Biochemist Carrie Partch honored for research on biological clocks

The latest findings from Partch's lab have resolved a longstanding question about how the timing of our biological clocks is regulated

Carrie Partch
Carrie Partch (photo by C. Lagattuta)
Aschoff's Ruler
Aschoff's Ruler is awarded to a top scientist in the field of chronobiology. (Photo by C. Lagattuta)

At a recent meeting of the Society for Research on Biological Rhythms (SRBR), Carrie Partch received an unusual award called Aschoff's Ruler, considered the top honor in her field.

Partch, an associate professor of chemistry and biochemistry at UC Santa Cruz, is a leading researcher in the field of chronobiology, studying the molecular mechanisms of the biological clock that drives the daily rhythms of life. Jürgen Aschoff, one of the founders of the field, made fundamental observations about how animals respond to light that became known as Aschoff's Rule. In 1991, one of the scientists Aschoff mentored, Till Roenneberg, took from Aschoff's lab the battered old wooden ruler he had used to trace patterns in behavioral data, mounted it on a bronze plaque, and began the tradition of giving Aschoff's Ruler to a top scientist in the field.

Each recipient of Aschoff's Ruler chooses the next year's recipient, according to a set of guidelines. "There's no organization or committee involved. It's an honor that comes from a fellow scientist, which makes it special," Partch said.

Biological clocks are ancient mechanisms, operating in organisms from algae to humans. A longstanding question about how the timing of the circadian clock is regulated in humans and other mammals has just been resolved by a recent study involving Partch's lab at UC Santa Cruz. In collaboration with researchers at the University of Michigan and other institutions, Partch investigated a key process that determines the timing of the clock. In a paper published May 21 in Proceedings of the National Academy of Sciences, the researchers identified the enzyme that carries out a critical step in this process.

The new findings help explain why a certain genetic variant in a gene called PERIOD causes people to be so-called "morning larks," going to bed early and waking up early (often before 4 a.m.) every day. The variant, which changes a single amino acid in the PERIOD protein, speeds up the clock so that, instead of being on a roughly 24-hour cycle, morning larks have an internal clock with a 21-hour cycle.
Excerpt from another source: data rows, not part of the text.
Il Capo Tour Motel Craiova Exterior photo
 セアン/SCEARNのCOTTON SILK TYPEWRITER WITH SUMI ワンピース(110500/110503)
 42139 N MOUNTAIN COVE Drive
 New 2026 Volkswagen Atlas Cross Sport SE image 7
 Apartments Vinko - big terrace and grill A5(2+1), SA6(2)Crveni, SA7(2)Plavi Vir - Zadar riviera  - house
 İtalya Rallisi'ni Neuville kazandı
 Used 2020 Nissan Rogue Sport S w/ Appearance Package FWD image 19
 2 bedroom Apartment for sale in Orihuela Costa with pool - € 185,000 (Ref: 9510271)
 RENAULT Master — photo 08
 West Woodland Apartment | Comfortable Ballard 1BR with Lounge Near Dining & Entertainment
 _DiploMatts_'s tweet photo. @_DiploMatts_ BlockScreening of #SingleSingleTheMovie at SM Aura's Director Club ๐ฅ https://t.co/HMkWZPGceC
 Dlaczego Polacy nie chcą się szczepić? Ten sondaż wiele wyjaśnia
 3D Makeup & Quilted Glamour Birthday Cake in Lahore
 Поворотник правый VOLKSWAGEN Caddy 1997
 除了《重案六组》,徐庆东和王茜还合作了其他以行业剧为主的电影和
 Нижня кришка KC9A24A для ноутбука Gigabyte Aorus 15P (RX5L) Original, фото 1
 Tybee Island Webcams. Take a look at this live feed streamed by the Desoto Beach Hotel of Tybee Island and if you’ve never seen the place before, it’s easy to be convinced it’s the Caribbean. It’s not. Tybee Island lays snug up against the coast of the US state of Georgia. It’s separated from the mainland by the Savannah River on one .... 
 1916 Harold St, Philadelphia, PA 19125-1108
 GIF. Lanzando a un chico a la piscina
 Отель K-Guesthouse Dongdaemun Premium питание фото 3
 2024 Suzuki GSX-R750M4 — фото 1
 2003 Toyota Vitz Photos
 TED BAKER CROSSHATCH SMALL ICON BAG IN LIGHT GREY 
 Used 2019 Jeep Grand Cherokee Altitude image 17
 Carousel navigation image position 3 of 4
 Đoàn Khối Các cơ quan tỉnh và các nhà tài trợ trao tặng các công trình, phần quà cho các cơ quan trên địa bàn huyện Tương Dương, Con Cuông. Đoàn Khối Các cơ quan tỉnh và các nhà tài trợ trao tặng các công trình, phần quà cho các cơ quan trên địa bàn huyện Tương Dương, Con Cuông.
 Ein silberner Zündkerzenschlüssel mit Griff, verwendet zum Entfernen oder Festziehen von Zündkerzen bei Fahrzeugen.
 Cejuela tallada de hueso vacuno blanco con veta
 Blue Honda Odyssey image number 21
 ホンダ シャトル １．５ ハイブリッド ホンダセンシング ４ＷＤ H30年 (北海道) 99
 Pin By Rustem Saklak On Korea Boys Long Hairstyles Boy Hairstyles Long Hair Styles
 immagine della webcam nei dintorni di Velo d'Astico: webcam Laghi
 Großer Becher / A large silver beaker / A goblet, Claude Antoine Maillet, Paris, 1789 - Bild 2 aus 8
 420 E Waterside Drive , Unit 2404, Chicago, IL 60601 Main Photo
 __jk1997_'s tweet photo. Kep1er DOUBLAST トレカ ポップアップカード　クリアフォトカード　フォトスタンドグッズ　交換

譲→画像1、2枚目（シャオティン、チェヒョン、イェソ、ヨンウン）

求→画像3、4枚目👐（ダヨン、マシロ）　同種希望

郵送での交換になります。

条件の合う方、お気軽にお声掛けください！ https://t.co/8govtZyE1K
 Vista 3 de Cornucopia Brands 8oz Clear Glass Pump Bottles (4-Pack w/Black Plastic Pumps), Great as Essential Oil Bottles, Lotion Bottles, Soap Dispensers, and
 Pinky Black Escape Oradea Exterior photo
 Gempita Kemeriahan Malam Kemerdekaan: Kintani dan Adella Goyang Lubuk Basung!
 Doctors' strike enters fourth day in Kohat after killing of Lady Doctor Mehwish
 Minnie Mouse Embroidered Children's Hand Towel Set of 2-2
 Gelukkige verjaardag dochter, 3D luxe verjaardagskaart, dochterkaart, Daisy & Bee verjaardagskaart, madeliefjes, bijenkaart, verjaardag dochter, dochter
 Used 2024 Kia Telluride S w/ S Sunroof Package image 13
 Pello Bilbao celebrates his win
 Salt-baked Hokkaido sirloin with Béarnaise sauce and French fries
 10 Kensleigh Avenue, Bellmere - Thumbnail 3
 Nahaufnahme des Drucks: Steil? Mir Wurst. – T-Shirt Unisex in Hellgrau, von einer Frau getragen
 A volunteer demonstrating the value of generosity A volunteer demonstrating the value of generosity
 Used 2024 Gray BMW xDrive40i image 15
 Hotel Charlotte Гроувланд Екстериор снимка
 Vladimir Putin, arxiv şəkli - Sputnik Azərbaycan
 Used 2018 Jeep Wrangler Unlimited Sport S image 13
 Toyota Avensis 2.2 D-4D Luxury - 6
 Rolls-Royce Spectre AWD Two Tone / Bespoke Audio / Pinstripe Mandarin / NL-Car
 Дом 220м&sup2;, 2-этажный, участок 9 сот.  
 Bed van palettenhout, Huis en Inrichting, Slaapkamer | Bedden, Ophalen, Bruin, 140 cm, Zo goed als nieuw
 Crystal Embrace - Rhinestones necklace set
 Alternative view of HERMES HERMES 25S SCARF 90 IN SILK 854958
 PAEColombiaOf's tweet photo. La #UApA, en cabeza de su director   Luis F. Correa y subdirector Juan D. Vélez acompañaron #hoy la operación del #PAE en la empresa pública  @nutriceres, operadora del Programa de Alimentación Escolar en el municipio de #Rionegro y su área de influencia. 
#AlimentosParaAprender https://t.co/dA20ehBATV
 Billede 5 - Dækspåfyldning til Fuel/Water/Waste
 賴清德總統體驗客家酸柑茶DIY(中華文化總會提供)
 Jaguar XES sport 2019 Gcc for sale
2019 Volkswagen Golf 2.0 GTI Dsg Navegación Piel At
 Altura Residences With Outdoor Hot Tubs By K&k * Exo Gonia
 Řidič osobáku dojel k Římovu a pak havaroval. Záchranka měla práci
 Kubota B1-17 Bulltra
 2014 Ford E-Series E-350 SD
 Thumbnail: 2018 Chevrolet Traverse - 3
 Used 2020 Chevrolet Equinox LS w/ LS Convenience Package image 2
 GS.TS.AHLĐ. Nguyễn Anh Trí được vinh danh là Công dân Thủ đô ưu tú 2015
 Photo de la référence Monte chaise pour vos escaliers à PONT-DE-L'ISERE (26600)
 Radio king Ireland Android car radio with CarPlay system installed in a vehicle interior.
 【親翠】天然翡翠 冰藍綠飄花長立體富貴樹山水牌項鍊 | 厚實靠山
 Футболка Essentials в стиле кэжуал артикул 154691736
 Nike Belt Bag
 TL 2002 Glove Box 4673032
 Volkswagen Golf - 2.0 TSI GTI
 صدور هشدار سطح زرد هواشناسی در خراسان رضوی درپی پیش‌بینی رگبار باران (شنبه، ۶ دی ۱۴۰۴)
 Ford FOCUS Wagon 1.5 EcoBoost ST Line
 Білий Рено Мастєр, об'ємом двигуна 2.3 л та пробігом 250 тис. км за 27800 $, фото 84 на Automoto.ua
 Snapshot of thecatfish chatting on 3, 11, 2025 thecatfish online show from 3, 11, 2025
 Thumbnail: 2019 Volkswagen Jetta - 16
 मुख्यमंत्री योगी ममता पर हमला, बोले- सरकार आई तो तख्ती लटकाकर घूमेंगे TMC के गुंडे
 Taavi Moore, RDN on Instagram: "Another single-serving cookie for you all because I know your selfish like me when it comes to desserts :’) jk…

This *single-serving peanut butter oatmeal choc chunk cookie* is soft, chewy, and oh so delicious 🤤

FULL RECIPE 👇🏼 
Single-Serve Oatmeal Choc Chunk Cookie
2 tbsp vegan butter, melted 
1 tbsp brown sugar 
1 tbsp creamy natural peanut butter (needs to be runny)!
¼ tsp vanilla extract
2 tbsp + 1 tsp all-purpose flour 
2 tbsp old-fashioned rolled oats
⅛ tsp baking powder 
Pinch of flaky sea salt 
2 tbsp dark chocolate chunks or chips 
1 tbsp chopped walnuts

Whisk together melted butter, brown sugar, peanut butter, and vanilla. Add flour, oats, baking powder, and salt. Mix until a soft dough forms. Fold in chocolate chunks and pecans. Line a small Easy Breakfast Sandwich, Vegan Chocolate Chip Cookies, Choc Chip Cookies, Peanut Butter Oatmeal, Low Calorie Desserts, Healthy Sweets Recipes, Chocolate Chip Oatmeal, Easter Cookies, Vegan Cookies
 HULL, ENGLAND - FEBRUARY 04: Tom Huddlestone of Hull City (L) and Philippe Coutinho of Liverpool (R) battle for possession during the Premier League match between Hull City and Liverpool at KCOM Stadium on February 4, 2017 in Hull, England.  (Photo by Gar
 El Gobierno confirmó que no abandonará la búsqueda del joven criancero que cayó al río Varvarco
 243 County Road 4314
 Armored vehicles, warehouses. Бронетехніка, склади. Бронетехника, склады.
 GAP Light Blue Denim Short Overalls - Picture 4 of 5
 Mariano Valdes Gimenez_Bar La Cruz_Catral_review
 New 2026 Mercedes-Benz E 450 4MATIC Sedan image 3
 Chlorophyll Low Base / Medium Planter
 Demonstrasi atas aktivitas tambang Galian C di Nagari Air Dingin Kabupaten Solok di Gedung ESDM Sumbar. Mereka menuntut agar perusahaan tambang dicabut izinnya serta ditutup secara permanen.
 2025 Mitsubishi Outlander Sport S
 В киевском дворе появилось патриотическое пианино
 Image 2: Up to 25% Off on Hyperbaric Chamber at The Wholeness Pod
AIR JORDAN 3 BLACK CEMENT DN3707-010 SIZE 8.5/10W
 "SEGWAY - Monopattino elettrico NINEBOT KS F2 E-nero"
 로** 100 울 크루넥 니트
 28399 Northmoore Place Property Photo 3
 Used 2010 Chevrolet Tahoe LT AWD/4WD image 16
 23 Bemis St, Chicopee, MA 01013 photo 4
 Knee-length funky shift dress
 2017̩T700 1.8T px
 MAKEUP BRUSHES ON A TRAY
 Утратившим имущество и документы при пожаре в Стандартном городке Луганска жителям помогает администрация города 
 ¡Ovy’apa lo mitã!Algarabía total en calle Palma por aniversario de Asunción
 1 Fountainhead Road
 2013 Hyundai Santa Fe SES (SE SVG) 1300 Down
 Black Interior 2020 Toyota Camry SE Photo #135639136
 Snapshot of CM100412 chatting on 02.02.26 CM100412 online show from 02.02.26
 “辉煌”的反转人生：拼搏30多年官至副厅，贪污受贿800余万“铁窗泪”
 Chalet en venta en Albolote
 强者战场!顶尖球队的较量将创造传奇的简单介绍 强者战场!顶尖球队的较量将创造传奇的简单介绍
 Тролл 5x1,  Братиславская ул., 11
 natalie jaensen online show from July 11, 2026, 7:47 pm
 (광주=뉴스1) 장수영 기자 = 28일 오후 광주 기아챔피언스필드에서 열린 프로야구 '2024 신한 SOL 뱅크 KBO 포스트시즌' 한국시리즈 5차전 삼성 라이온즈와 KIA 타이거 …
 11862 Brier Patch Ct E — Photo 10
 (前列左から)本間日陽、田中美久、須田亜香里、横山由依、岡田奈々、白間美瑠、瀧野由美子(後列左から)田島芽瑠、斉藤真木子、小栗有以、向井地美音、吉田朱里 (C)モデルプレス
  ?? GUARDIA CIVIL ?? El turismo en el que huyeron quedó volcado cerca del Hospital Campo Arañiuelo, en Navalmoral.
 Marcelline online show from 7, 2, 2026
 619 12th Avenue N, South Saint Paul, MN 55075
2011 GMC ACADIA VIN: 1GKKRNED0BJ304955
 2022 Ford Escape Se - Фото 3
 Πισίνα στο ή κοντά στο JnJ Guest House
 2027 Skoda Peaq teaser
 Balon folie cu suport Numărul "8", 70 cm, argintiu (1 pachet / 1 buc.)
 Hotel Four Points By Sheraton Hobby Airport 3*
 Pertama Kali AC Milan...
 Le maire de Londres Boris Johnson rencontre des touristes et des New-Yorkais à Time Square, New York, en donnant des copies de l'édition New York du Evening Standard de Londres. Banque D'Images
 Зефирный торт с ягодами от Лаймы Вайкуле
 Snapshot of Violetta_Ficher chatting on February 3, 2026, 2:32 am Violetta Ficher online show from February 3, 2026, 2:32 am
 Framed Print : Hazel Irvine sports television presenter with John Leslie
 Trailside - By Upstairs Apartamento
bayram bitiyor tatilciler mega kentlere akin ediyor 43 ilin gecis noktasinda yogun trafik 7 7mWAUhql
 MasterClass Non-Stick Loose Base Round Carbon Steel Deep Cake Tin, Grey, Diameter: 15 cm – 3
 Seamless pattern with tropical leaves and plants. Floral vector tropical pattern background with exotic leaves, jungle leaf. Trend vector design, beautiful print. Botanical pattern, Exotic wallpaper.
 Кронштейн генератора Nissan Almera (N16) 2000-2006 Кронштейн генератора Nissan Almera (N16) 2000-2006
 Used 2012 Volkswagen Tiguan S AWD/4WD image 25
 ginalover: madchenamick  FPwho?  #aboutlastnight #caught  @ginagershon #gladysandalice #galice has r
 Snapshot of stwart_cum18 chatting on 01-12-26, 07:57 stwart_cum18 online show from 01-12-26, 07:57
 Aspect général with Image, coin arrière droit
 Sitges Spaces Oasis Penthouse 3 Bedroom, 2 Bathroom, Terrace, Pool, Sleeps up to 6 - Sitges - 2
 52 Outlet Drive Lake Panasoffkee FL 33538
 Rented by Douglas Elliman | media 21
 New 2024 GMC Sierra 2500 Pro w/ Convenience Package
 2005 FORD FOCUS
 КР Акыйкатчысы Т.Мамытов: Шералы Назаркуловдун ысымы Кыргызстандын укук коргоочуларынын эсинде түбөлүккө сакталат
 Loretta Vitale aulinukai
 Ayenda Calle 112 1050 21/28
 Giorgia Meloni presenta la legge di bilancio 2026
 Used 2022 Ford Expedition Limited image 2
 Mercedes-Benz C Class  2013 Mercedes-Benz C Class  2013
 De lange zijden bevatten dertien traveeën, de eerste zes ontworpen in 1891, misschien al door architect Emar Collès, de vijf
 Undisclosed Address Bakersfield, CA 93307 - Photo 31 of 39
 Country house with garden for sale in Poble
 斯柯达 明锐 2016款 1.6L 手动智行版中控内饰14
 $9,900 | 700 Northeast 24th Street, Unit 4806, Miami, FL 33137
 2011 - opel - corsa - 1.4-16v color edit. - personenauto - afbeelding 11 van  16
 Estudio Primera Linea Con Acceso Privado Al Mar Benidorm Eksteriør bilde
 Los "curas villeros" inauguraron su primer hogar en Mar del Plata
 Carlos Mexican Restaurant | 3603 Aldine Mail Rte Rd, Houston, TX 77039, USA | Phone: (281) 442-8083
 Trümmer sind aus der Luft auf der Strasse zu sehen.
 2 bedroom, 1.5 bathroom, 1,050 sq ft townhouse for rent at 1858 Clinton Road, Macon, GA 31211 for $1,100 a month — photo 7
"We've identified a critical step that depends on this one amino acid," Partch said. "Now that we've identified the enzyme that regulates this process, we could potentially develop drugs to control circadian timing and the onset of sleep, helping people adjust to jet lag or shift work."

Partch's lab developed an assay using a technique called nuclear magnetic resonance (NMR) spectroscopy that allows them to probe the molecular interactions of the clock proteins with an unprecedented level of resolution. Coauthor Sabrina Hunt, a graduate student working with Partch, performed the crucial NMR spectroscopy experiments.

"It's an interesting case where understanding the effects on human behavior led us to the biochemistry of the clock," Partch said.